Source code for machin.frame.algorithms.impala

from typing import Union, Dict, List, Tuple, Callable, Any
import numpy as np
import torch as t
import torch.nn as nn

from machin.frame.buffers.buffer_d import Transition, DistributedBuffer
from machin.model.nets.base import NeuralNetworkModule
from .base import TorchFramework
from .utils import safe_call

from machin.parallel.server import PushPullModelServer
from machin.parallel.distributed import RpcGroup


def _make_tensor_from_batch(batch: List[Any], device, concatenate):
    """
    Used to convert compact every attribute of every step of a whole episode
    into a single tensor.

    Args:
        batch: A list of tensor or scalar. If elements are tensors, they will
            be concatenated in dimension 0.
        device: Device to move tensors to.
        concatenate: Whether to perform concatenation or not, only True
            for major and sub attributes in ``Transition``.

    Returns:
        A tensor if ``concatenate`` is ``True``, otherwise the original List.
    """
    if len(batch) == 0:
        return None
    if concatenate:
        item = batch[0]
        batch_size = len(batch)
        if t.is_tensor(item):
            return t.cat([it.to(device) for it in batch], dim=0).to(device)
        else:
            return t.tensor(batch, device=device).view(batch_size, -1)
    else:
        return batch


[docs]class EpisodeTransition(Transition):
    """
    A transition class which allows storing the whole episode as a
    single transition object, the batch dimension will be used to
    stack all transition steps.
    """
    def _check_validity(self):
        """
        Disable checking for batch size in the base :class:`.Transition`
        """
        super(Transition, self)._check_validity()

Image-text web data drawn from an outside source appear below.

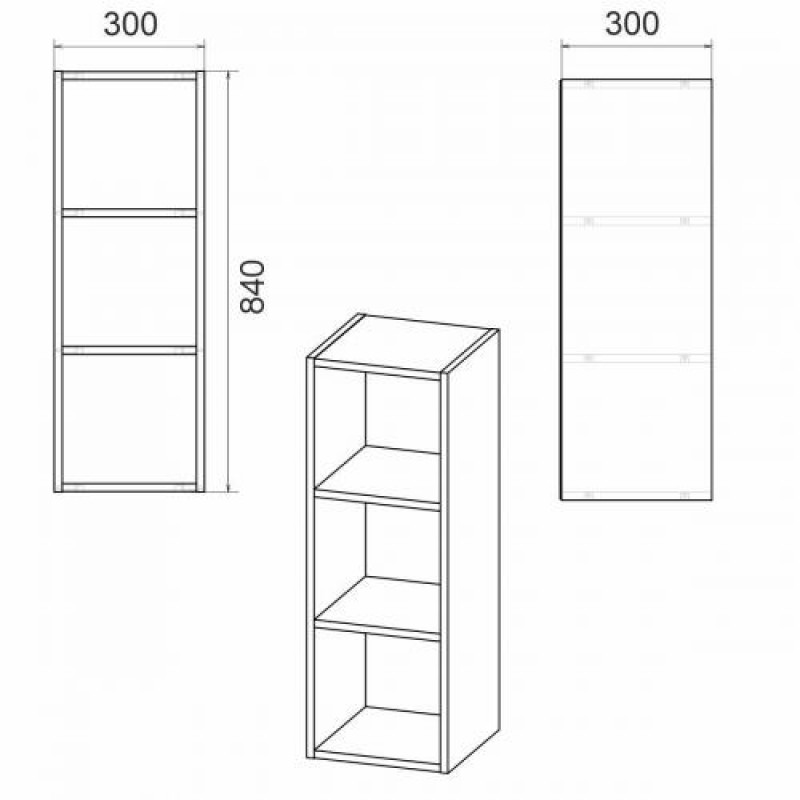 Полиця навісна Компанит П 32 30х30х84 см Бук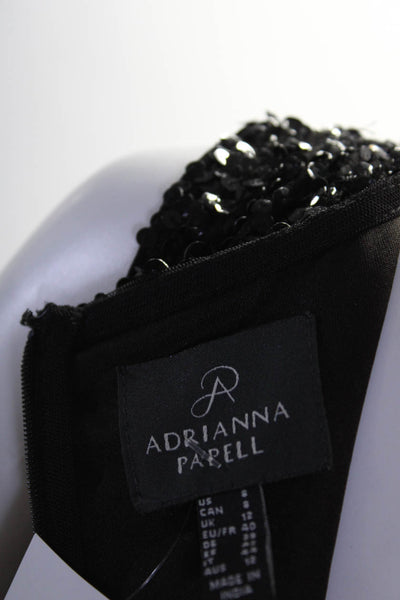 Adrianna Papell Women's Sleeveless Sequin Straight Leg Jumpsuit Black Size 6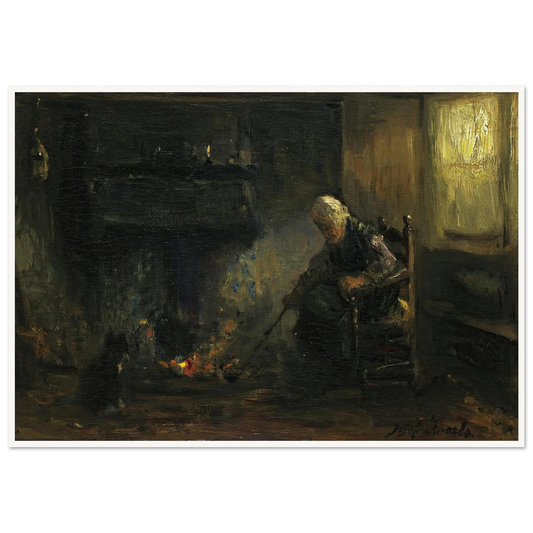At The Hearth Art Print | Jozef Israels - Framed Poster - 30x40 cm / 12x16″ - Black frame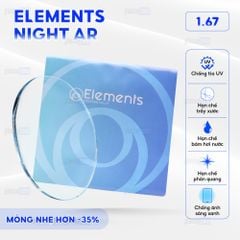 Tròng kính chống chói đèn xe Elements Night AR 1.67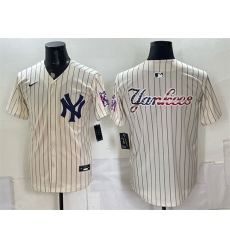 Mens New York Yankees Team Big Logo Cream 2026 Field of Dreams Stadium Stitched Baseball Jersey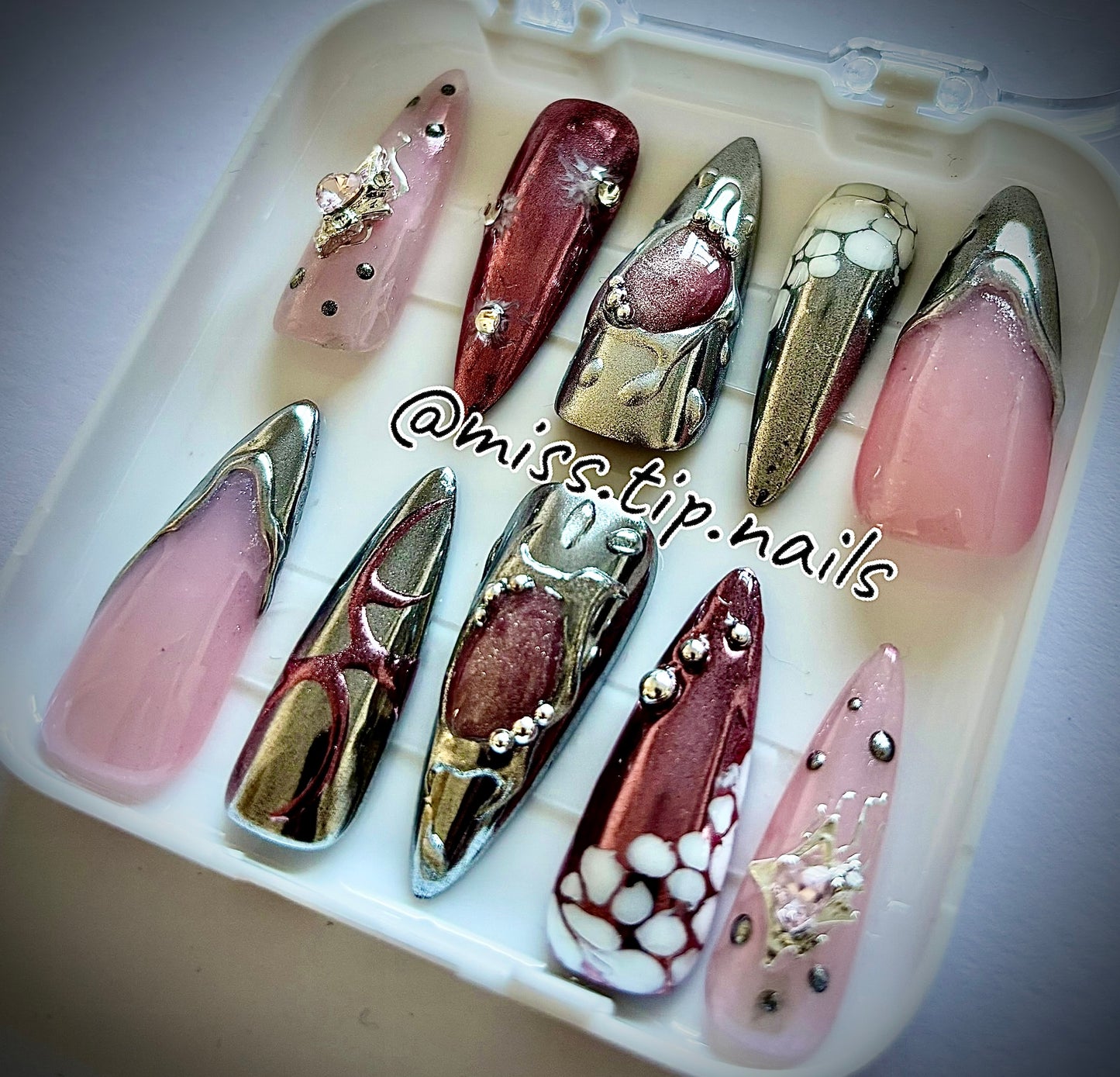 Press On Set "Cosmic Pink"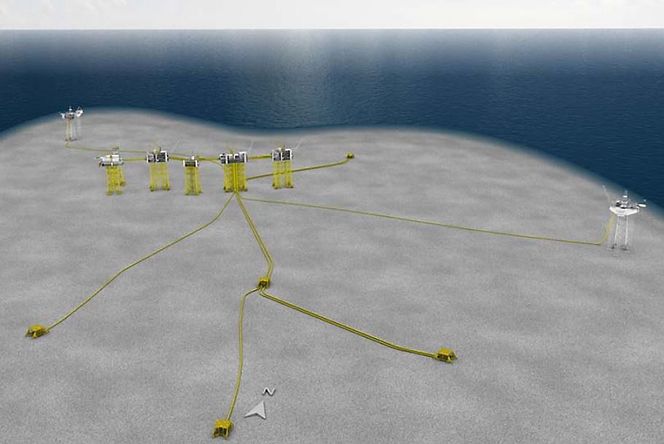 Skisse av mulig full-felt utbygging fra forslaget til program for konsekvensutredning for utbyggingen av Johan Sverdrup-feltet.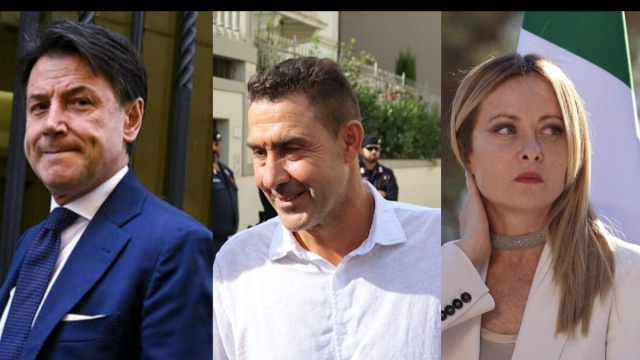 Giuseppe Conte, Roberto Vannacci e Giorgia Meloni (&copy; Facebook)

[docs]class EpisodeDistributedBuffer(DistributedBuffer):
    """
    A distributed buffer which stores each episode as a transition
    object inside the buffer.
    """
[docs]    def append(self, transition: Dict,
               required_attrs=("state", "action", "next_state",
                               "reward", "terminal", "action_log_prob")):
        transition = EpisodeTransition(**transition)
        super(EpisodeDistributedBuffer, self)\
            .append(transition, required_attrs=required_attrs)

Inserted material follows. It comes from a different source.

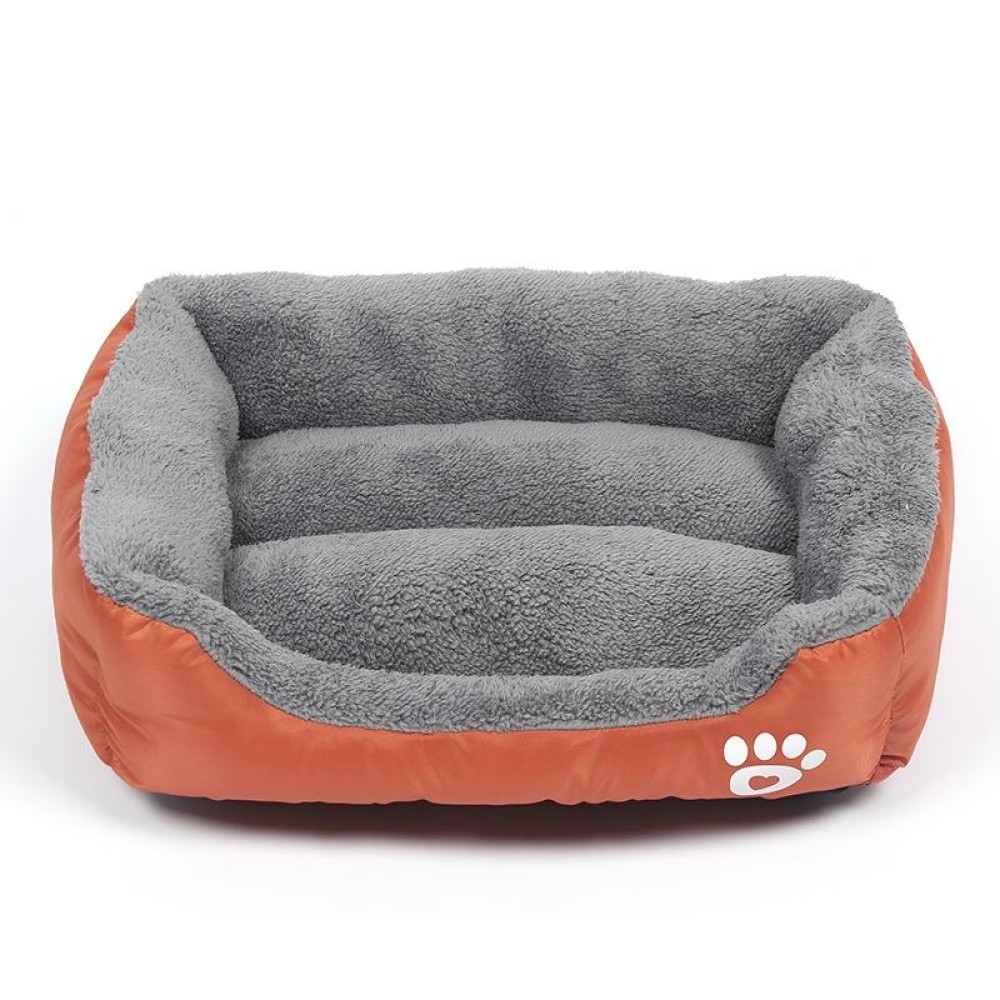 Candy Color Four Seasons Genuine Warm Pet Dog Kennel Mat Teddy Dog Mat, Size: XXL, 95×72×18cm (Orange)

[docs]class IMPALA(TorchFramework):
    """
    Massively parallel IMPALA framework.
    """

    _is_top = ["actor", "critic"]
    _is_restorable = ["actor", "critic"]

    def __init__(self,
                 actor: Union[NeuralNetworkModule, nn.Module],
                 critic: Union[NeuralNetworkModule, nn.Module],
                 optimizer: Callable,
                 criterion: Callable,
                 impala_group: RpcGroup,
                 model_server: Tuple[PushPullModelServer],
                 *_,
                 lr_scheduler: Callable = None,
                 lr_scheduler_args: Tuple[Tuple, Tuple] = (),
                 lr_scheduler_kwargs: Tuple[Dict, Dict] = (),
                 batch_size: int = 5,
                 learning_rate: float = 0.001,
                 isw_clip_c: float = 1.0,
                 isw_clip_rho: float = 1.0,
                 entropy_weight: float = None,
                 value_weight: float = 0.5,
                 gradient_max: float = np.inf,
                 discount: float = 0.99,
                 replay_size: int = 500,
                 visualize: bool = False,
                 **__):
        """
        Note:
            Please make sure isw_clip_rho >= isw_clip_c
        Args:
            actor: Actor network module.
            critic: Critic network module.
            optimizer: Optimizer used to optimize ``actor`` and ``critic``.
            criterion: Criterion used to evaluate the value loss.
            impala_group: Group of all processes using the IMPALA framework,
                including all samplers and trainers.
            model_server: Custom model sync server accessor for ``actor``.
            lr_scheduler: Learning rate scheduler of ``optimizer``.
            lr_scheduler_args: Arguments of the learning rate scheduler.
            lr_scheduler_kwargs: Keyword arguments of the learning
                rate scheduler.
            batch_size: Batch size used during training.
            learning_rate: Learning rate of the optimizer, not compatible with
                ``lr_scheduler``.
            isw_clip_c: :math:`c` used in importance weight clipping.
            isw_clip_rho:
            entropy_weight: Weight of entropy in your loss function, a positive
                entropy weight will minimize entropy, while a negative one will
                maximize entropy.
            value_weight: Weight of critic value loss.
            gradient_max: Maximum gradient.
            discount: :math:`\\gamma` used in the bellman function.
            replay_size: Size of the local replay buffer.
            visualize: Whether visualize the network flow in the first pass.
        """
        self.batch_size = batch_size
        self.discount = discount
        self.value_weight = value_weight
        self.entropy_weight = entropy_weight
        self.grad_max = gradient_max
        self.isw_clip_c = isw_clip_c
        self.isw_clip_rho = isw_clip_rho
        self.visualize = visualize

        self.impala_group = impala_group

        self.actor = actor
        self.critic = critic
        self.actor_optim = optimizer(self.actor.parameters(),
                                     lr=learning_rate)
        self.critic_optim = optimizer(self.critic.parameters(),
                                      lr=learning_rate)
        self.replay_buffer = EpisodeDistributedBuffer(
            buffer_name="buffer", group=impala_group,
            buffer_size=replay_size
        )
        self.is_syncing = True
        self.actor_model_server = model_server[0]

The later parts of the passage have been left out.